> What is required
From the line containing "Brawl Stats для Brawl Stars screenshot №7" to the end of the records, print every line exactly, both ends included, and leave out the pictures.

> Records shown

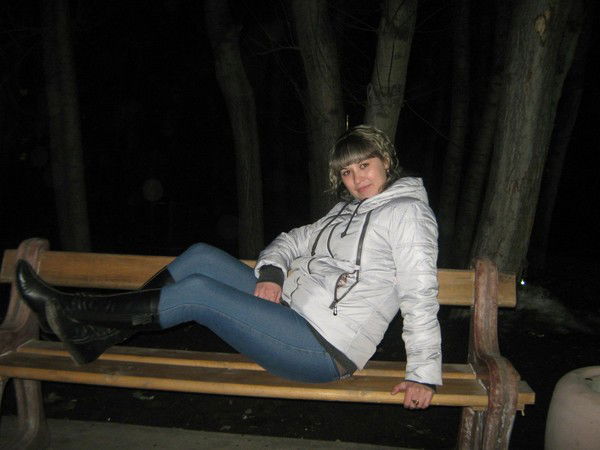 Марина Марина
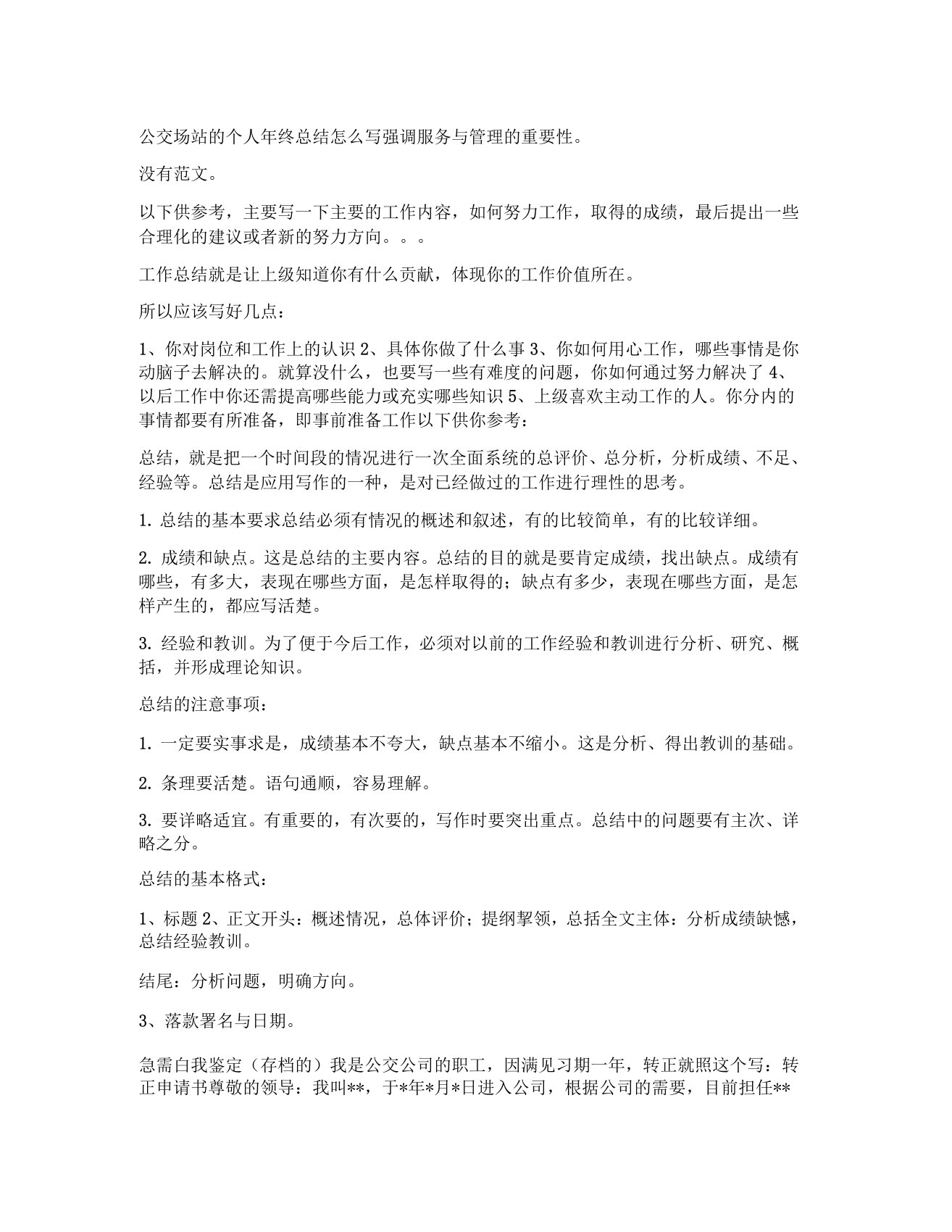 公共交通运输公司自我评价报告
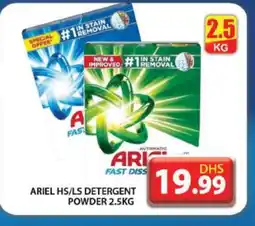 Grand Hyper Market ARIEL Detergent offer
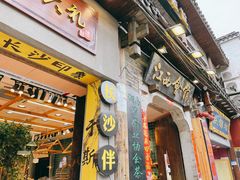 -太平老街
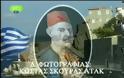 Ιστορία Στ΄ τάξης - Ενότητα Γ΄ - Κεφάλαιο 5ο Η επανάσταση στα νησιά του Αιγαίου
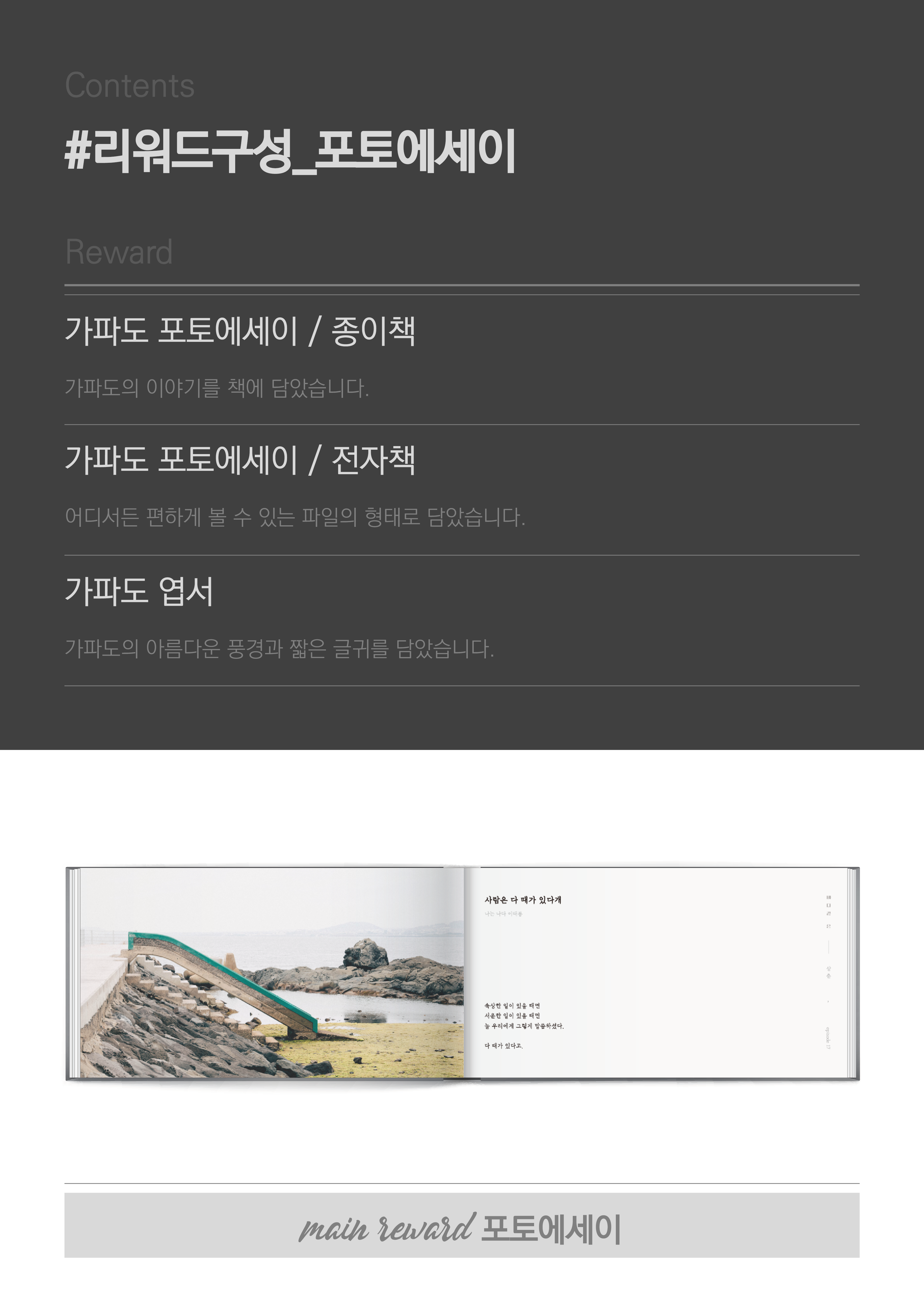 와디즈 상세페이지9.png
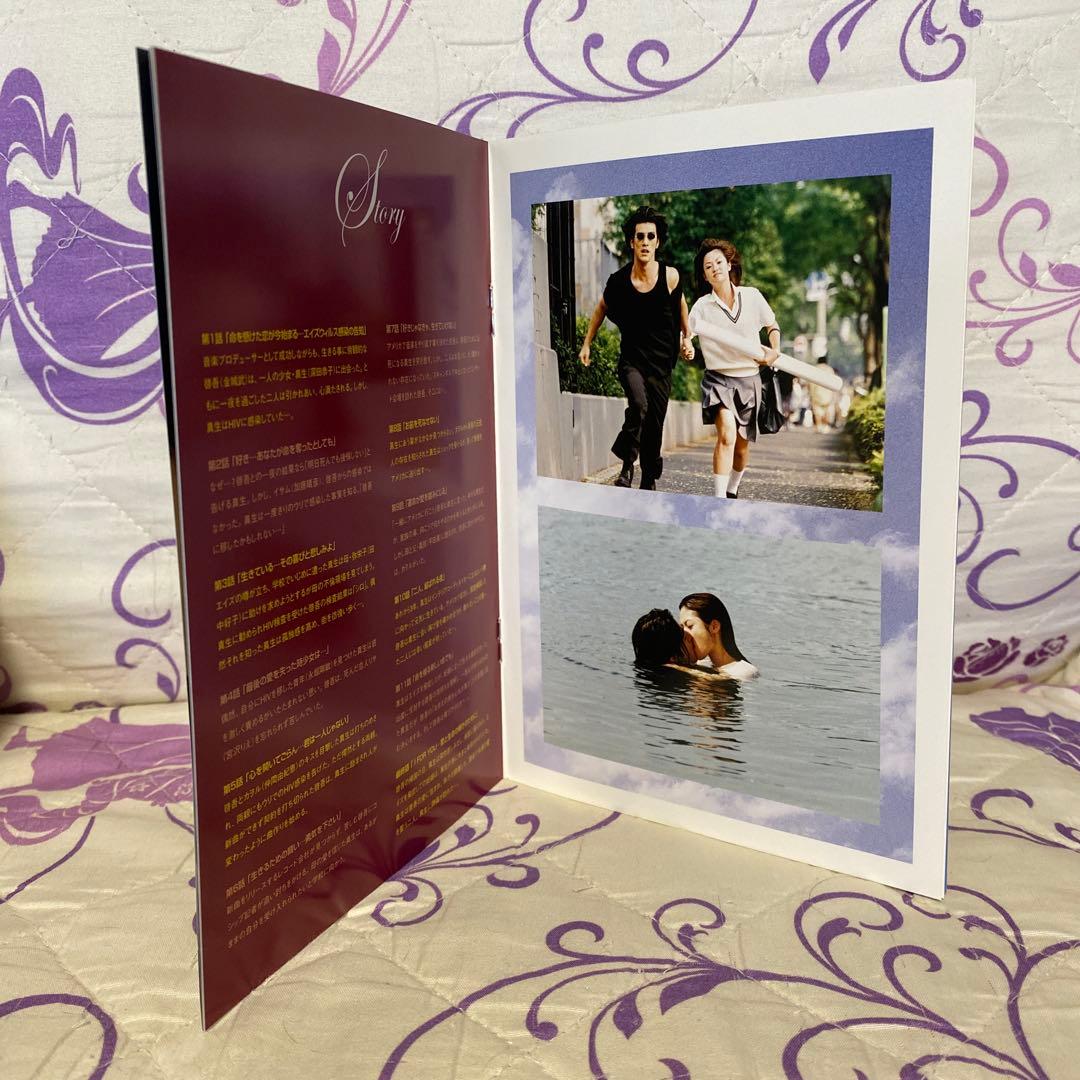 神様,もう少しだけ〈4枚組〉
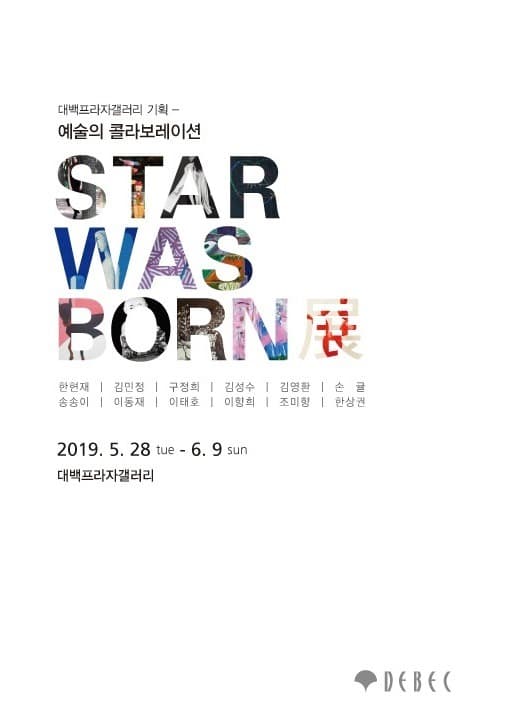 예술의 콜라보레이션 STAR WAS BORN 포스터
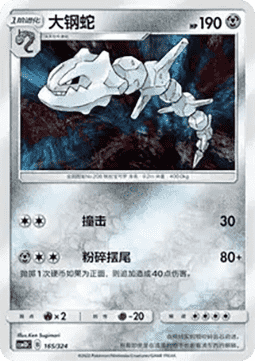 Steelix #165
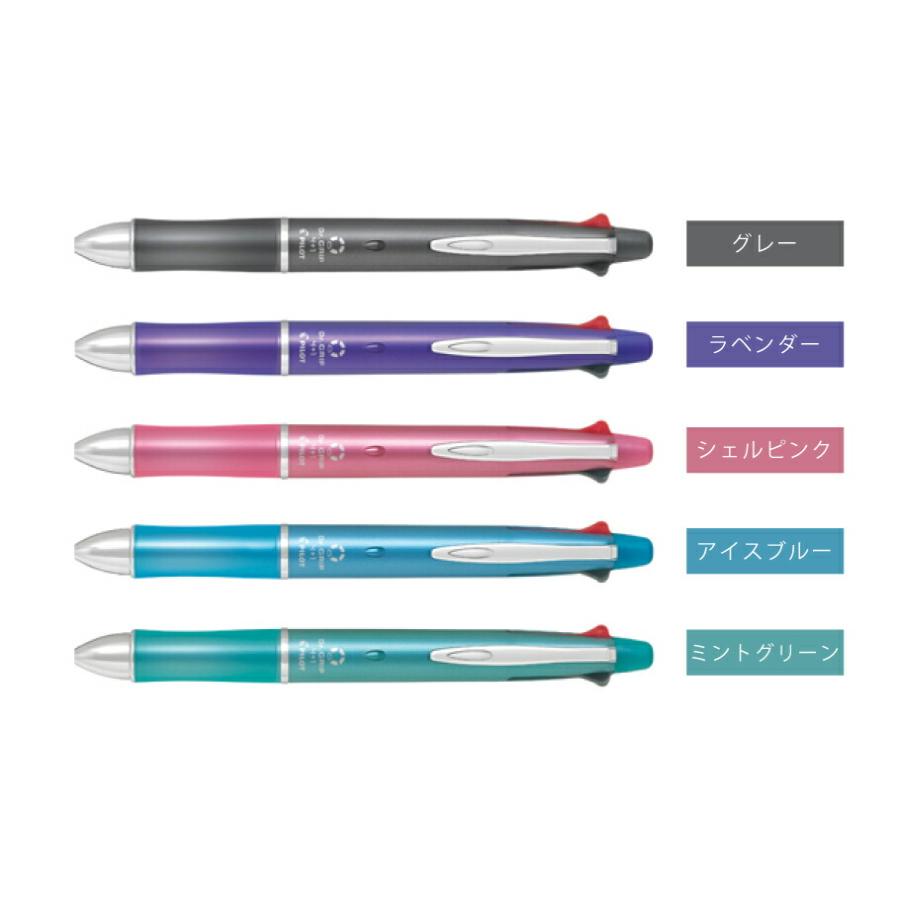 ドクターグリップ 名入れ無料 パイロット 4+1 Dr.Grip 4色ボールペン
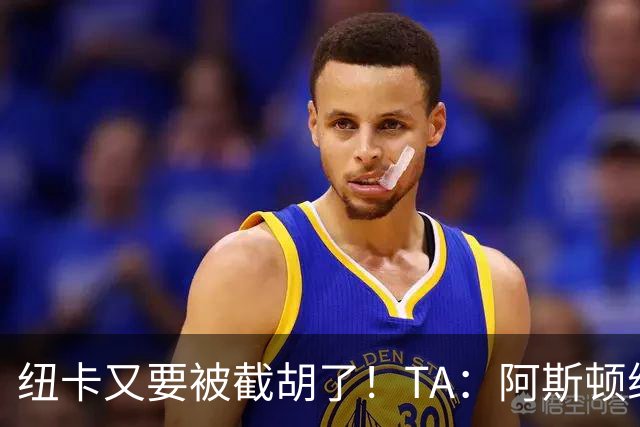 纽卡又要被截胡了！TA：阿斯顿维拉接近签下曼赞比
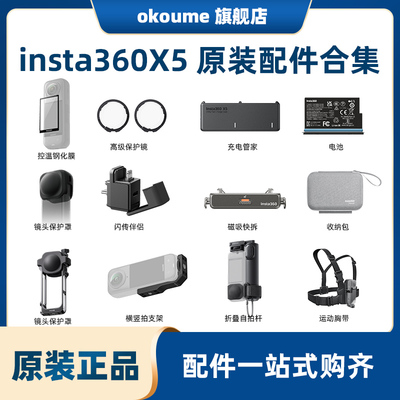 影石insta360 X5原装电池充电管家高级保护镜恒温钢化膜闪传伴侣配件磁吸快拆折叠自拍杆横竖拍支架收纳包
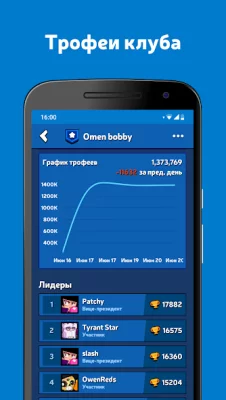 Brawl Stats для Brawl Stars screenshot №7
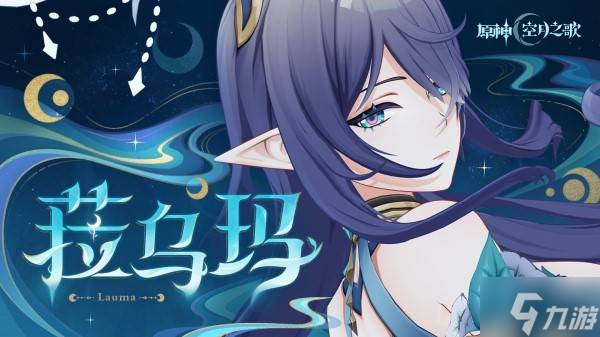 《原神》6.0上半期角色强度排行榜 月之一菈乌玛强度评级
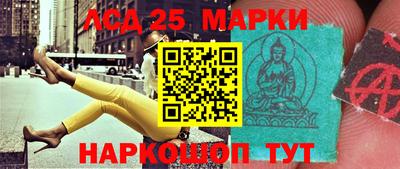 спайс Моздок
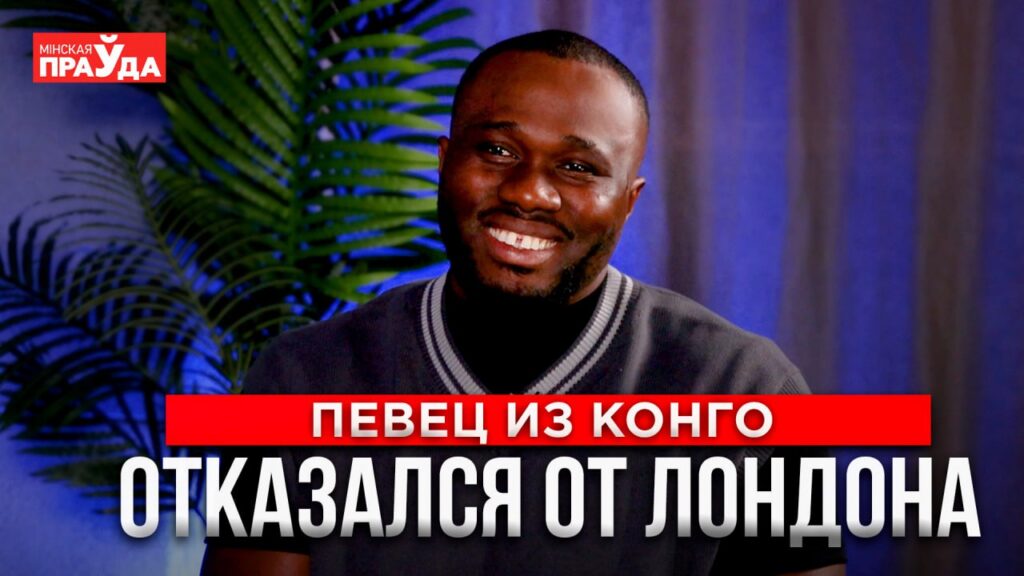 От гомельского парка до сцены «Фактор.by» — как африканец стал звездой в Беларуси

> Finished task
 Brawl Stats для Brawl Stars screenshot №7
 《原神》6.0上半期角色强度排行榜 月之一菈乌玛强度评级
 спайс Моздок
 От гомельского парка до сцены «Фактор.by» — как африканец стал звездой в Беларуси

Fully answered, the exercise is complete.